I
hate Geometry...I mean I know I'm supposed to do...I really am...but I just can't bring myself to do...my blog is calling and needs to be fed! But...yes onward and upward. I don't rightly know what comes out on my blog...ever...you know at first I start something then it just comes together...it is pretty cool. I mean like right now I'm not thinking of anything just what is going on in my blog....okay so I'm debating if I do my Geometry or just diddly dattle for the next hour...but I'm going with doing my Geometry...of course not for a while...I don't rightly know though...see there I go again not posting anything of importance..but yet it makes me content knowing that people are getting to know that there is more to me than what is going on on the outside.
Hollie doesn't rightly know what she is thinking about...I used to do that all the time...no it is "I don't rightly know." and "Bloody Hell" maybe I'll pick up the 3rd person again...I mean I know it annoys people...but I happen to like it...so you either like it or lump it.
I just got an idea. But...I'm going to have a thought of the day...and a question of the day...just to get a little sneak peek at what people think about everything I have to say. Okay...well I still got time to kill and it looks like I only got like 3 questions to do on my Geometry...so I figure I will be fine. I wonder how I got smart? I mean there are so many people that don't know a thing...they don't get good grades and do give a flying #@ (I'm trying to cut down on curse words)! So...how did little old Hollie get to be so smart? I mean I'm sorry to admit this..but my dad can't read cuz he has some kind of LD. I feel so bad for him cuz everyone thinks he is stupid..but the fact is when it comes to machines...he is like a top dog. He made his own bike like when he was 8 and learned to drive at like 12...he is really a nice guy and I wish I had a closer relationship with him cuz I barely got a father figure in my life (unless you count Evan...but I still thinks he's a woman [no..that doesn't make my mom a lesbian]) I don't know it is just so hard for him and me and I don't know...but I just wish for one day I could be dumb as a box of rocks...cuz then I would know that I'm special...I know that kind of sounds bad..but it is true...I feel for stupid people..I mean honestly stupid people get to do everthing...they get extensions on projects, only have to go to college for 2 years, and get the easy classes...boy I wish I was stupid...but then you got to think...even with those easy classes and stuff stupid people got to fight for just a C average...how sad is that...in my eyes a C is like failing...my family has brought my brothers and I up on that...we think a C is like falling off the face of the earth...I mean...I don't know...but it is just so hard for me to think about being stupid...I'm kinda glad I'm smart...cuz I get to get bigger and better things out of it.
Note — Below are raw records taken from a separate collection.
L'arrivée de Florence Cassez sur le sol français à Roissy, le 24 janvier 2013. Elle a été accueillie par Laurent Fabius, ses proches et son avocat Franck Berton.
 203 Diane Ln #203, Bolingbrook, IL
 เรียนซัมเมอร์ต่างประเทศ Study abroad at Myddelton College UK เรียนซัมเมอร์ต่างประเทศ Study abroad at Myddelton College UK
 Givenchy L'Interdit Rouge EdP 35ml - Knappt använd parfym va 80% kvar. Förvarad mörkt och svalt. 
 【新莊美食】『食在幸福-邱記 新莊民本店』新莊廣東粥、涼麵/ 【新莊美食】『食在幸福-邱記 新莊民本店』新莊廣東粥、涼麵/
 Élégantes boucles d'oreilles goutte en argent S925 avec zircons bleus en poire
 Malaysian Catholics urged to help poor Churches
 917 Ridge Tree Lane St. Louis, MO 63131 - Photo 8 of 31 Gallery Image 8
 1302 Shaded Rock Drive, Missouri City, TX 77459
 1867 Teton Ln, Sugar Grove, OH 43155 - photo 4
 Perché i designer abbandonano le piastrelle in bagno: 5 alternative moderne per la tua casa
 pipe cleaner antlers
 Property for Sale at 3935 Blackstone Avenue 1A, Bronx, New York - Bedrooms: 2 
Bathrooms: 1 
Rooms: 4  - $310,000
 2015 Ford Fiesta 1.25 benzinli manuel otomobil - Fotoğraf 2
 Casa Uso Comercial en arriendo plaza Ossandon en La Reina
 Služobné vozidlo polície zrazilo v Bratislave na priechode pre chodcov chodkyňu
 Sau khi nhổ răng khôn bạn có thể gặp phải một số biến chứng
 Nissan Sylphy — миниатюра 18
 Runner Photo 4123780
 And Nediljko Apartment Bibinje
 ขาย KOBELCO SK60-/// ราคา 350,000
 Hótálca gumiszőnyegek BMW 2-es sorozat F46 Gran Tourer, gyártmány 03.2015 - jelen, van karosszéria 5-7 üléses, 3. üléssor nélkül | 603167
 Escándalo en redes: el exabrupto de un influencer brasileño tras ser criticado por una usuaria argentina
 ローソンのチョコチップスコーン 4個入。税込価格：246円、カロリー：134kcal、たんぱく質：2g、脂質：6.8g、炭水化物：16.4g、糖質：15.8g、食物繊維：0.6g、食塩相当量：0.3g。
Boy I'm kinda selfish.
You know what I don't like...sluts...that is right I hate sluts and personally we have one to many in our school. And you want to know the funny thing..she is in my class and is friends with me...now I know Suzie is friends with this slut..and I don't know if Suzie will tell this slut to look at my blog..but it is my blog and if the slut sees it then she knows how I feel and realzie this
"DUDE YOU ARE A SLUT AND YOU NEED TO QUIT BEING A SLUT...CUZ DID YOU KNOW THAT 1 IN 3 PEOPLE WILL GET HIV BY THE TIME THERE ARE 21? AND DUDE YOU ARE GETTING A LITTLE CLOSE WITH TOO MANY PEOPLE AND YOU ARE CHEATING ON YOUR BOYFRIEND...DUDE IF YOU WERE ANYTHING NEAR SOMETHING I WOULD WASTE MY TIME ON...I WOULD BEAT YOU TO A PULP AND THEN KICK YOU AGAIN...CUZ YOU ARE NOTHING BUT A TWO-BIT SCANK!"